Required work:
Pictures are not part of the copy. Write out exactly the lines from the line with "Gros plan d'une" through the end of the entries below.

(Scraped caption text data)
==========
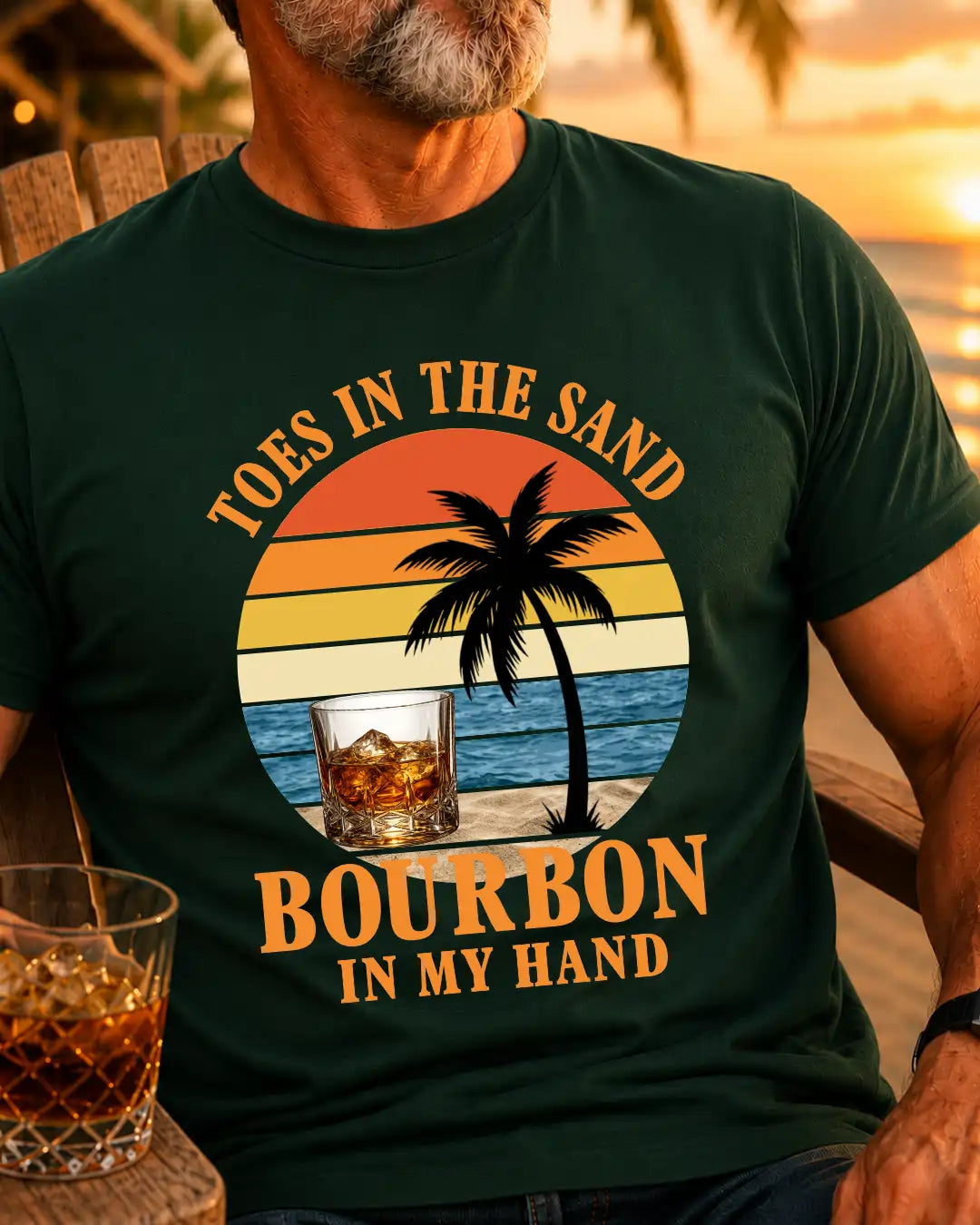 A man wearing a dark green graphic t-shirt with a retro sunset beach design and the text 'TOES IN THE SAND BOURBON IN MY HAND'. A glass of whiskey is visible on a wooden table in the foreground, with a warm sunset beach background.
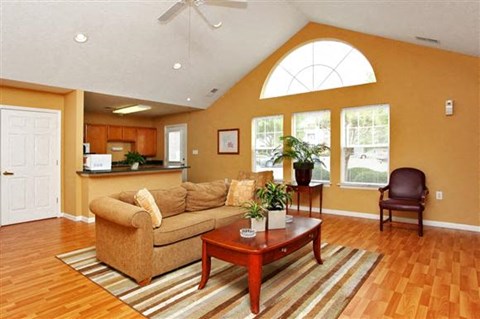 a living room with a couch and a table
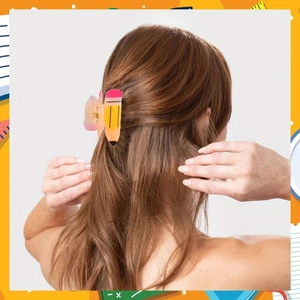 Gros plan d'une pince à cheveux créative en forme de crayon sur une queue de cheval brune
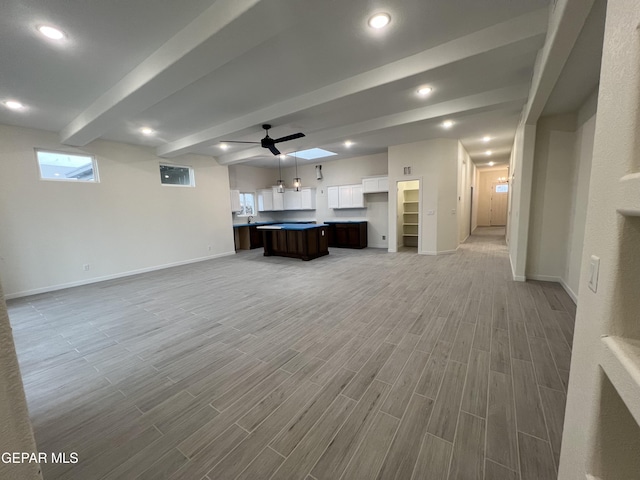 unfurnished living room with beam ceiling, light hardwood / wood-style floors, and ceiling fan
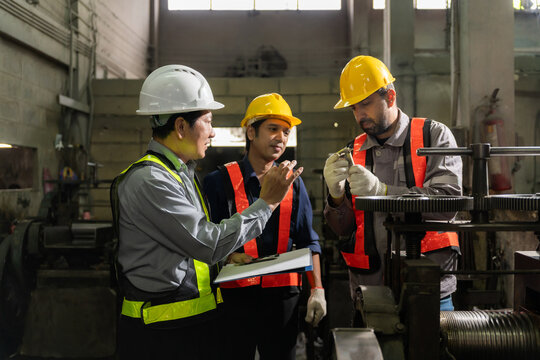 Engineers wearing hardhats and safety vests inspecting metal component and blueprint report in factory.
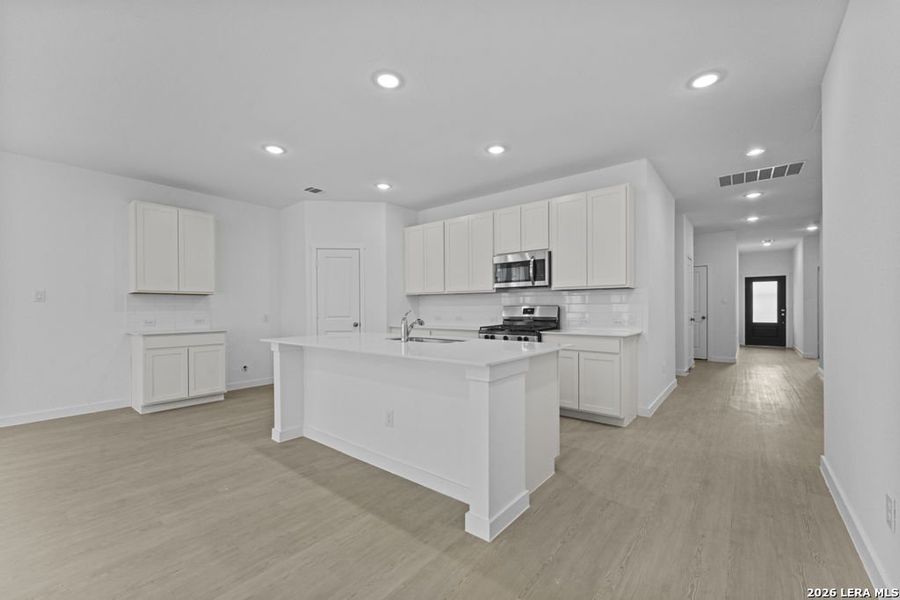 Furnished interior view inside a new home in Sky Ranch, New Braunfels (Image 6).
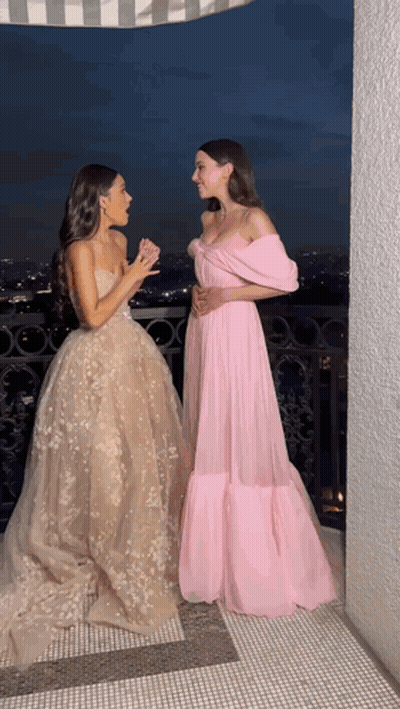 Two Women In Long Dresses Are Standing Next To Each Other On A Balcony At Night GIF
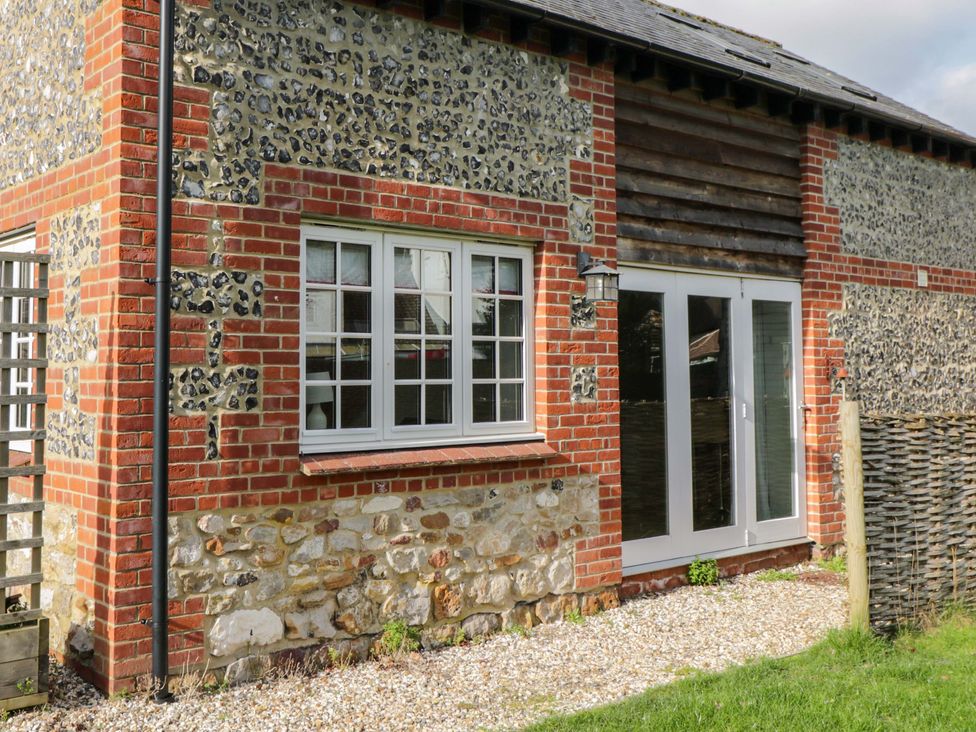 An exterior view of a cottage with a brick and flint wall at The Barn at Myrtle Cottage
==========
Completed exercise:
 Gros plan d'une pince à cheveux créative en forme de crayon sur une queue de cheval brune
 unfurnished living room with beam ceiling, light hardwood / wood-style floors, and ceiling fan
 Engineers wearing hardhats and safety vests inspecting metal component and blueprint report in factory.
 Furnished interior view inside a new home in Sky Ranch, New Braunfels (Image 6).
 Two Women In Long Dresses Are Standing Next To Each Other On A Balcony At Night GIF
 An exterior view of a cottage with a brick and flint wall at The Barn at Myrtle Cottage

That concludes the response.